Data below section start

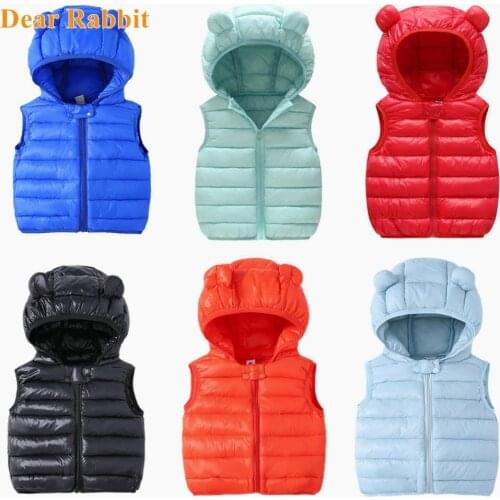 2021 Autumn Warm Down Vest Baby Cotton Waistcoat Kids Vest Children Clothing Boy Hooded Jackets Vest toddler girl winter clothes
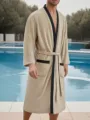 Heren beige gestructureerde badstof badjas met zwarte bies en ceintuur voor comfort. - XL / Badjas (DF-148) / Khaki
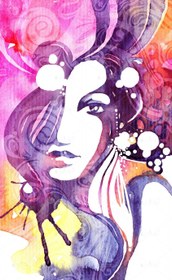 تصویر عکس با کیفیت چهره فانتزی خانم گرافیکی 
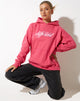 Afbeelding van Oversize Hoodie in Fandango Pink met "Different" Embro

Data below section end

» **Activity**: Go through the listing above and quote it exactly, apart from its images.

» **Answer for this exercise**:
 2021 Autumn Warm Down Vest Baby Cotton Waistcoat Kids Vest Children Clothing Boy Hooded Jackets Vest toddler girl winter clothes
 Heren beige gestructureerde badstof badjas met zwarte bies en ceintuur voor comfort. - XL / Badjas (DF-148) / Khaki
 تصویر عکس با کیفیت چهره فانتزی خانم گرافیکی 
 Afbeelding van Oversize Hoodie in Fandango Pink met "Different" Embro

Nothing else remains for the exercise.